Extracted records ->
....................

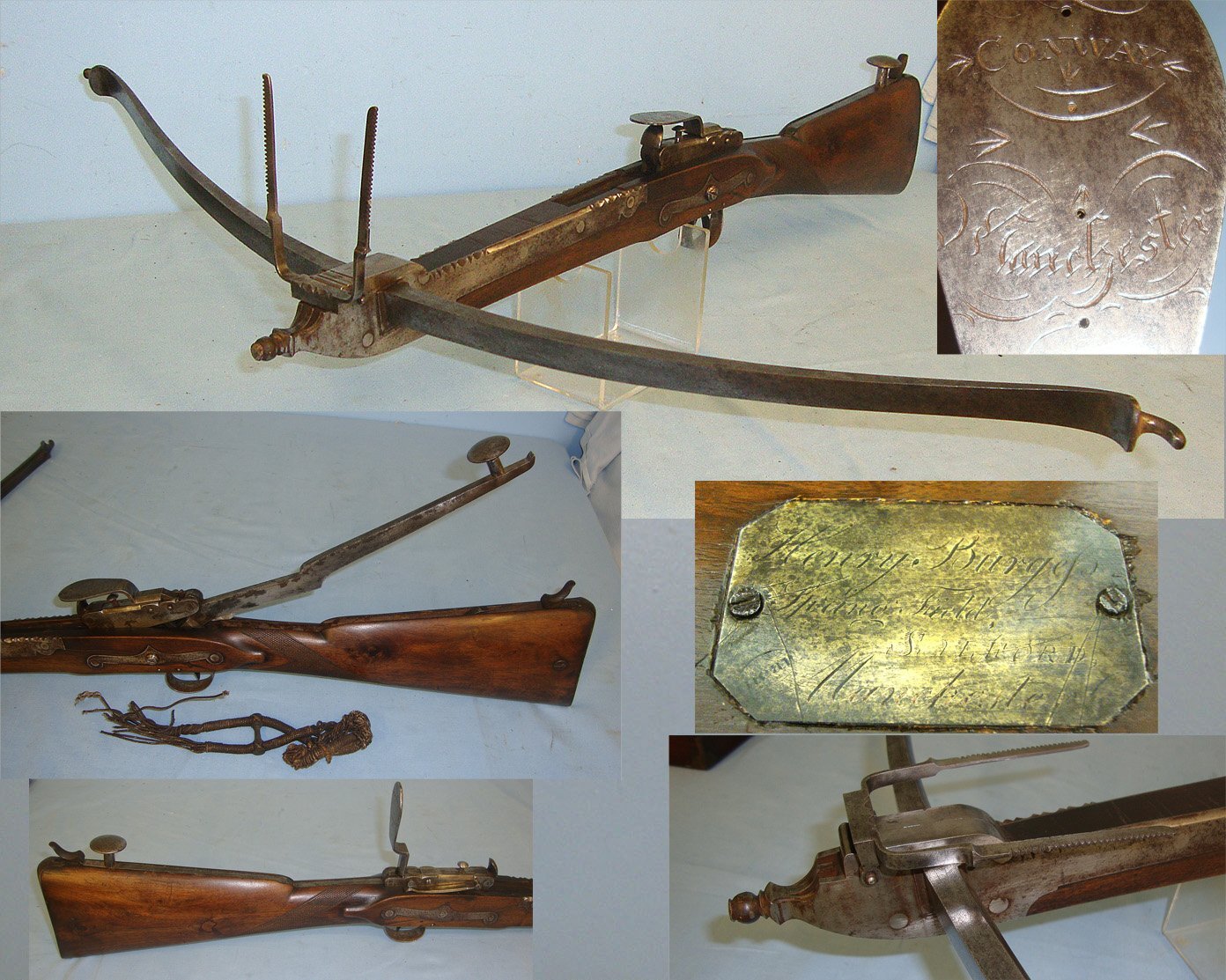 QUALITY**RARE**1810-1852 English Thomas Conway Manchester Hunting ‘Stone Bow’ (Large Wood & Steel Bullet Shooting Crossbow) In A Bespoke Period Solid Mahogany Case With Inscribed Plate To ‘Henry Burgess Springfield Salford’. Sn 15212  Crossbows and Bows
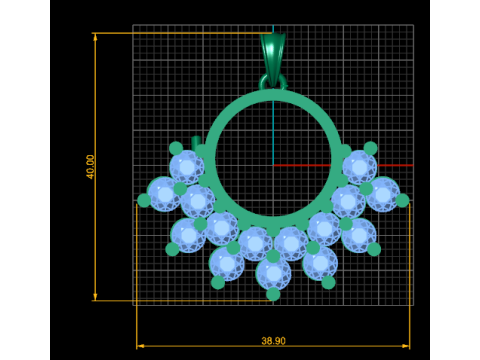 White Gold Pendant Modèles 3D en vedette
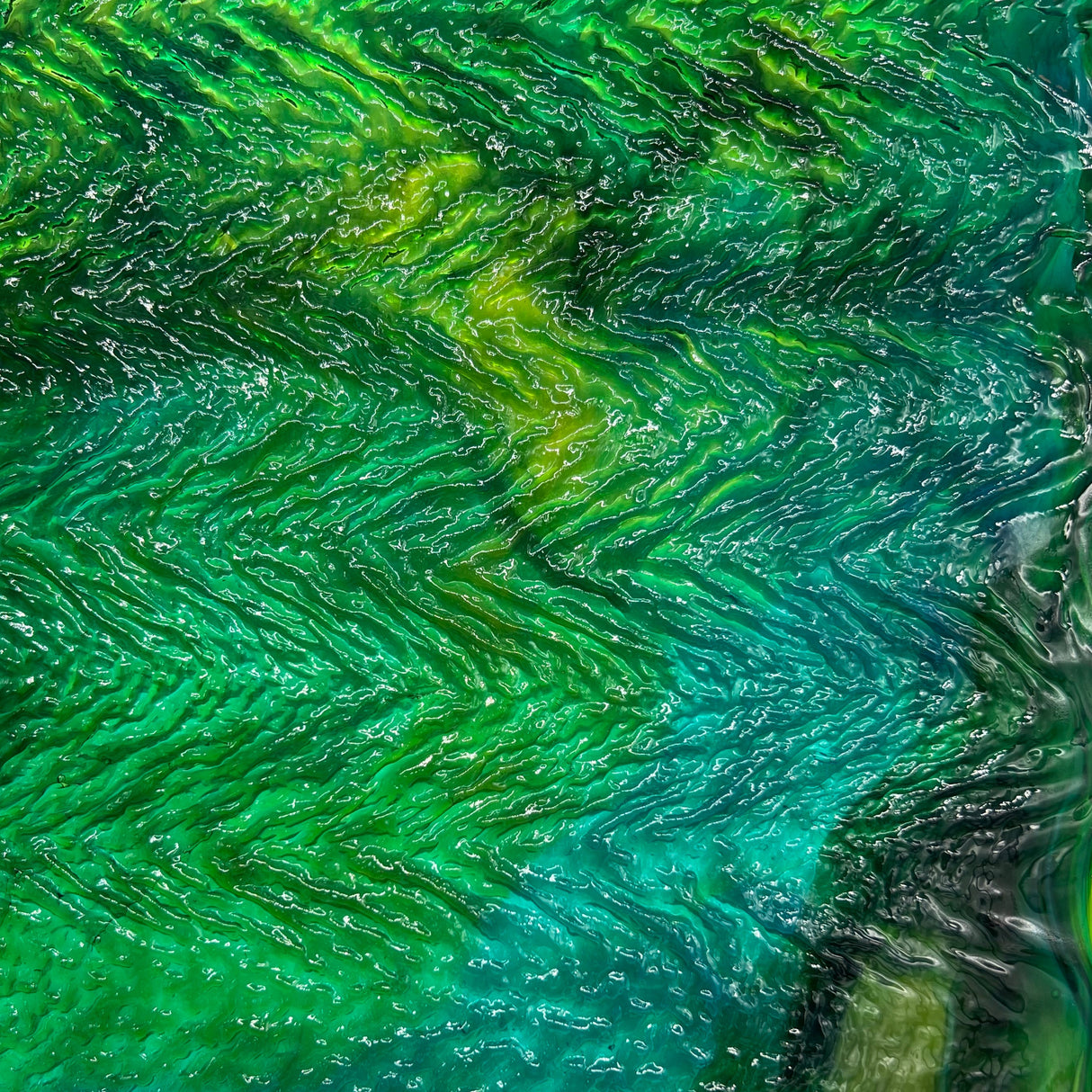 Emerald, Chartreuse Herringbone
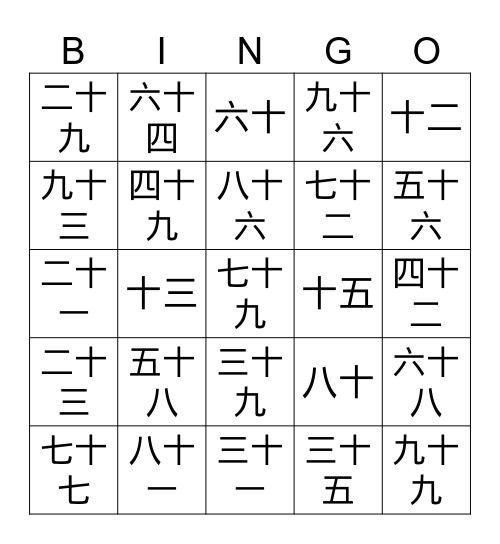 numbers 1-100 bingo Card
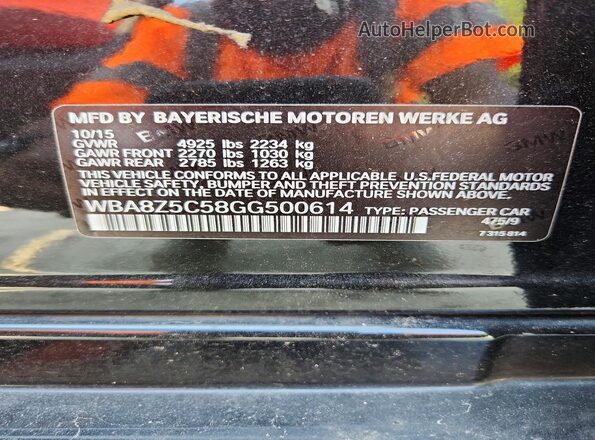 WBA8Z5C58GG500614 2016 BMW 3 SERIES Black ძრავის განყოფილების ხედი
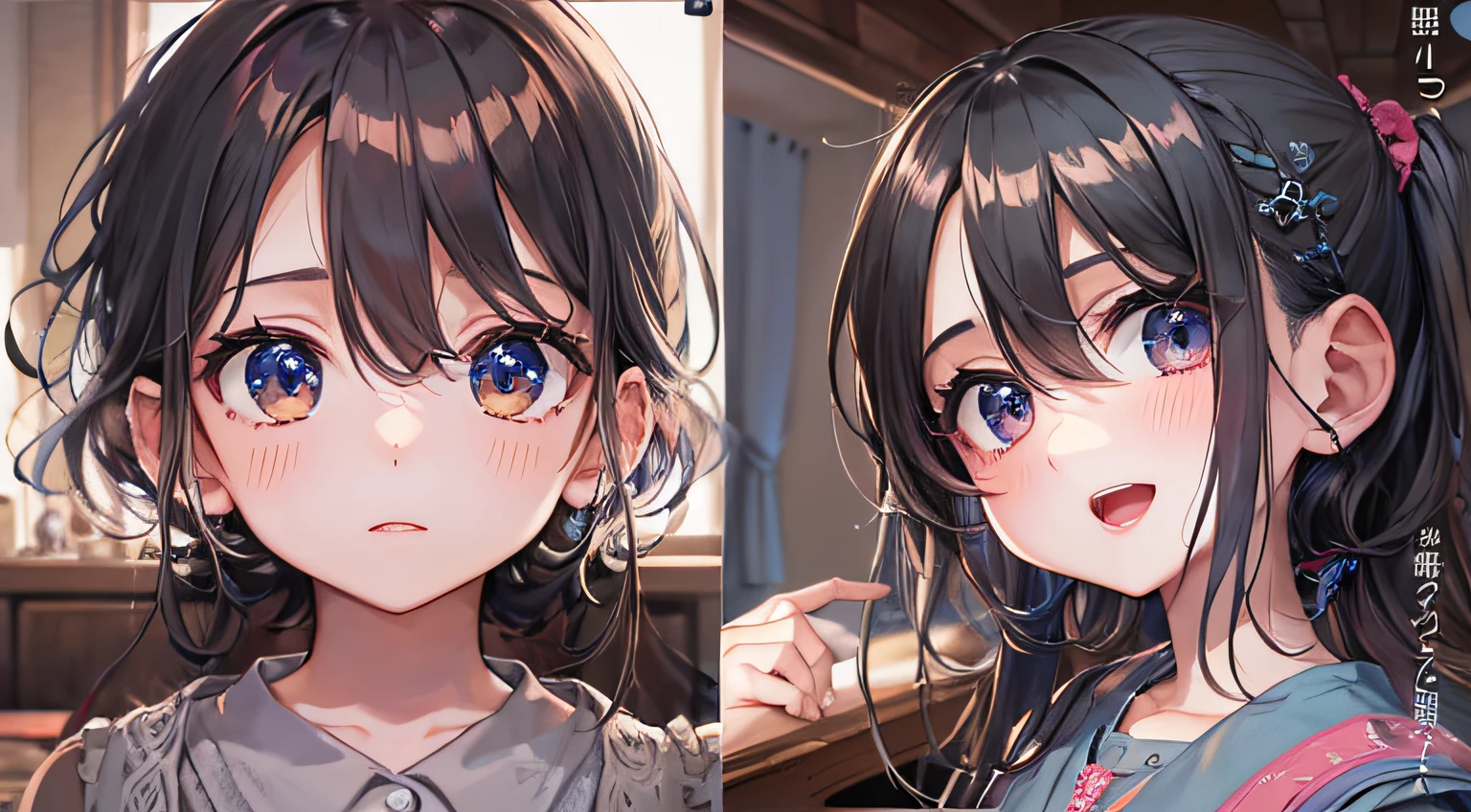 10 year old dark-haired girl、hightquality、look up to、up of face、living room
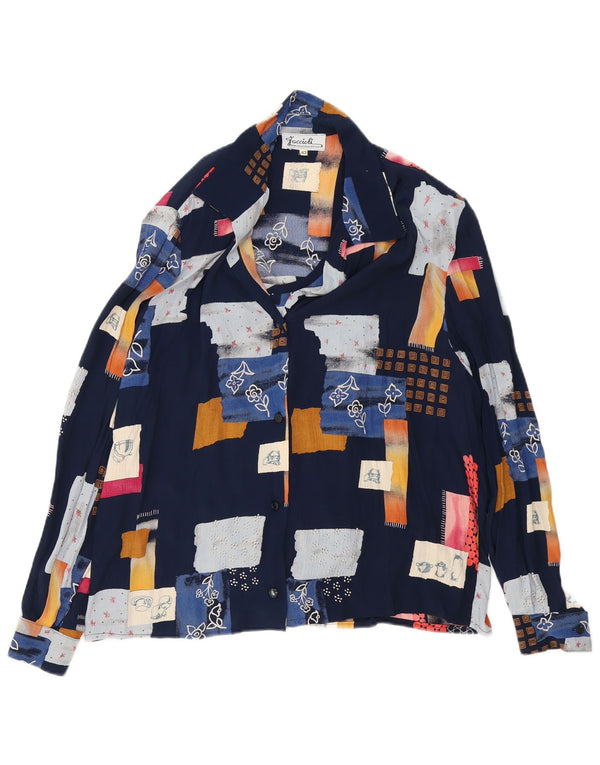 Blusa feminina vintage folgada IT 42 patchwork azul marinho médio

....................

ACTION ITEM ->
Return only the lines from the line containing "WBA8Z5C58GG500614 2016 BMW" through the last line of the records above, both ends included, exactly as written, leaving pictures out.

WRITTEN RESPONSE ->
 WBA8Z5C58GG500614 2016 BMW 3 SERIES Black ძრავის განყოფილების ხედი
 10 year old dark-haired girl、hightquality、look up to、up of face、living room
 Blusa feminina vintage folgada IT 42 patchwork azul marinho médio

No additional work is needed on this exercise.